2. Bach's Sonatas for Violin and Harpsichord. Another marvelous choice by Bach... and perhaps the finest performance for $10.19 for 2 discs.

3. Bach- Goldberg Variations- You almost certainly need one of Bach's major keyboard compositions... and you can't do better than the Goldberg's. Glenn Gould is probably the first choice... but for the beginner I'd recommend Perahia's splendid performance: $6.70

4. Handel- Royal Fireworks and Water Music- These works are the perfect accompaniment to the Brandenburgs and Four Seasons. Savall's performance absolutely rocks! $10.66

5. Rameau- une symphonie imaginaire- Rameau ranks along Bach, Vivaldi, and Handel among Baroque composers. This is a wonderful collection of his orchestral efforts... which may be the finest... most sophisticated of the era: $8.70

6. Mozart- Clarinet Concerto and Quintet- Mozart's efforts for the clarinet are among his finest works... essential: $4.53

7. Mozart- Piano Concertos- Mozart's Piano Concertos and Operas are the greatest most consistent areas of his entire oeuvre. You can't beat this complete set... and the price is a steal for the complete concertos: $17.23

8. Haydn- London Symphonies- George Szell's performances are always something special... and here you get 8 of the London Symphonies for $10.88

9. Beethoven- Symphonies- Karajan's 1963 recording of Beethoven's symphonies is an iconic set... for $19.65

10. Beethoven and Brahms Piano Concertos- Spectacular recordings of the piano concertos by both composers... 5 CDs for $12.17

11. Beethoven- Piano Sonatas- Kempff's are among the finest performances of Beethoven's sonatas. Here are a number of the most famous sonatas for $6.09

12. Schubert- Symphonies and Rosamunde Overture- Probably the best way to first explore Schubert is through the great symphonies and this set contains the 3 finest (5, 8 & 9) 2 CDs for $7.17

13. Schumann- Kinderszenen and Kreisleriana- Two of Schubert's finest suites of poetic piano works performed by the brilliant Argerich- $5.90

14. Boccherini- Fandango, Sinfonie, etc...- Should have been placed back with Haydn and Mozart. Boccherini brings an Italianate/Spanish edge to the classical era. A brilliant recording by Jordi Savall- $15.19... and worth every penny.

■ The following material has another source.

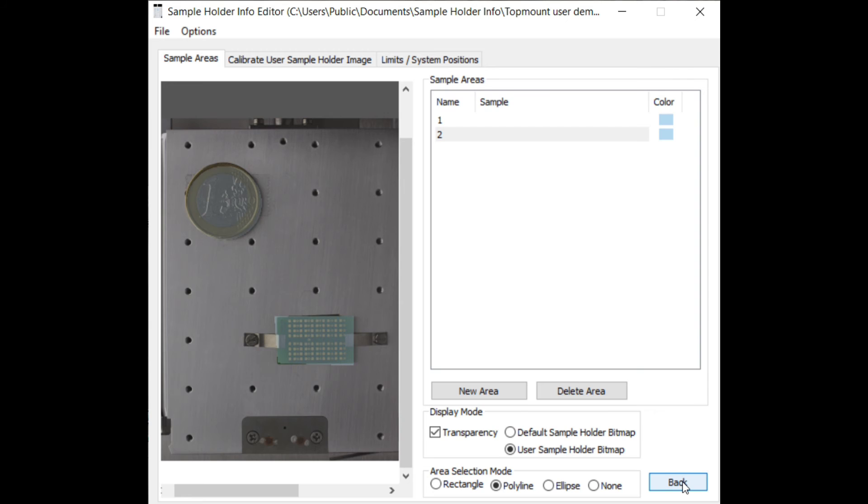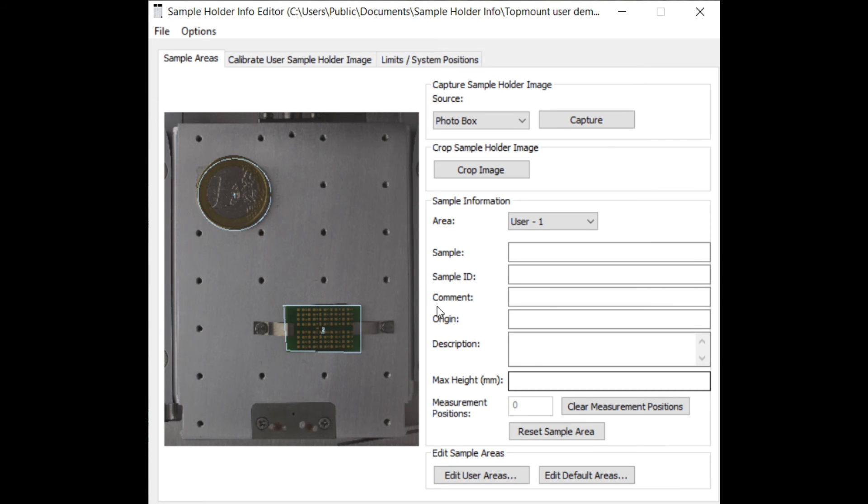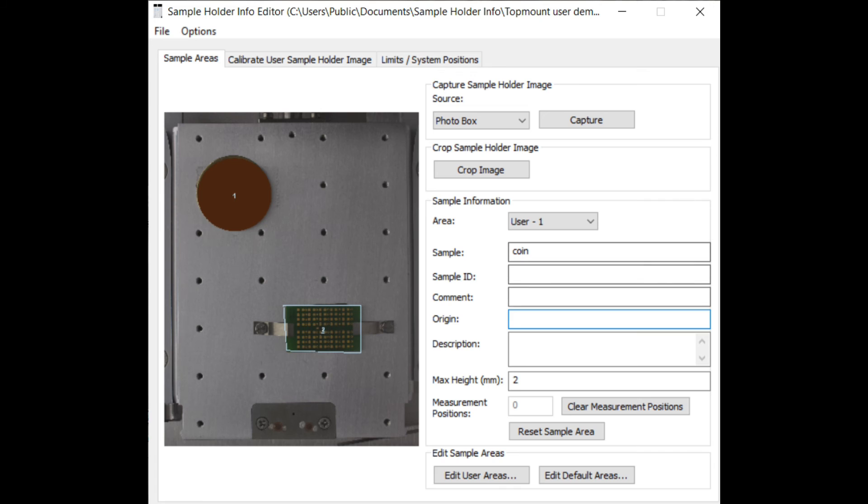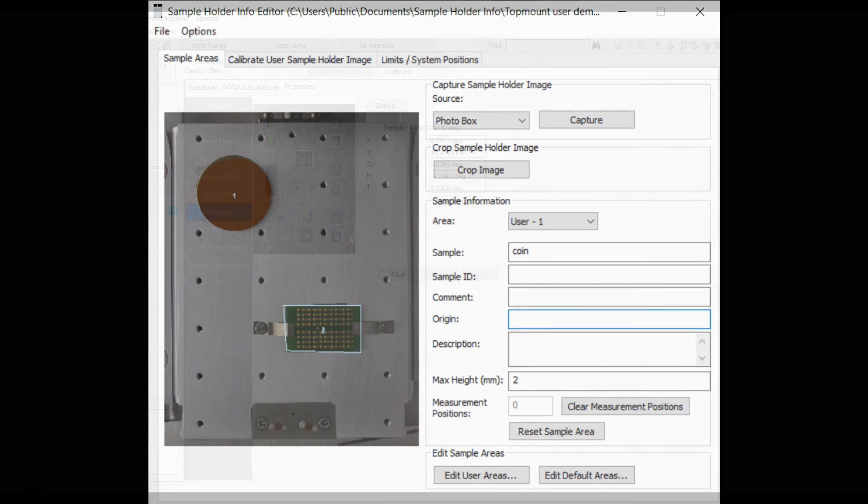Then go back to the sample area screen and enter the sample information and sample heights to the respective areas. To use the topmount navigation it is necessary to fill in a value for the maximum height of the sample. Make sure that the entered height is equal or higher than the actual sample height. The value can be updated later at any time to a more accurate number.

15. Brahms/Schumann- Clarinet works- Brahms' finest work is within the chamber music genre... and his efforts for clarinet (like Mozart) and Cello are especially wonderful: $8.83

16. Chopin- Nocturnes- The Nocturnes are among Chopin's most beloved works... and Rubinstein performance is unrivaled: 2 CDs- $10.77

17. Mendelssohn/Tchaikovsky- Violin Concertos- Two of the finest and most beloved violin concertos performed brilliantly- $4.22

18. Tchaikovsky- The Nutcracker- The old Christmas favorite performed with unmatched fire: $9.66

19. Rossini- Overtures- Opera is often the most challenging genre of classical music for the new listener... but opera offers some of the greatest music in the whole of the classical realm. To first get your feet wet you might look into the orchestral highlights and overtures. Rossini, Verdi, Puccini, Wagner, Offenbach, Richard Strauss, etc... were among the most brilliant orchestral composers. You'll certainly be familiar with any number of Rossini's splendid tunes: 2 CDs: $8.78

20. Verdi- Overtures, etc... (Same comments as above): 2 CDs: $11.61

21. Wagner- Overtures (And once again... same as above... with the added note that Wagner was quite likely the single most influential composer after Beethoven) $11.90 for 2 CDs

22. Tchaikovsky/Rachmaninoff- Piano Concertos- A fire and brimstone performance of great historical merit. $7.03

23. Puccini- Arias- Some of the finest singers perform some of the finest arias in the whole of opera... for a ridiculous price: $2.39

24. Faure- Requiem and Orchestral works- The perfect introduction into the realm of choral music with one of the most beautiful choral works ever penned... as well as some of the most splendid orchestral works: $7.12 for 2 CDs

25. Debussy- Orchestral Works- Debussy leads the way from Romanticism through Impressionism and toward Modernism. Martinon or Ansermet are the choice conductors... with Martinon here getting the nudge due to price: a little over $6 for each 2 CD volume (I and II).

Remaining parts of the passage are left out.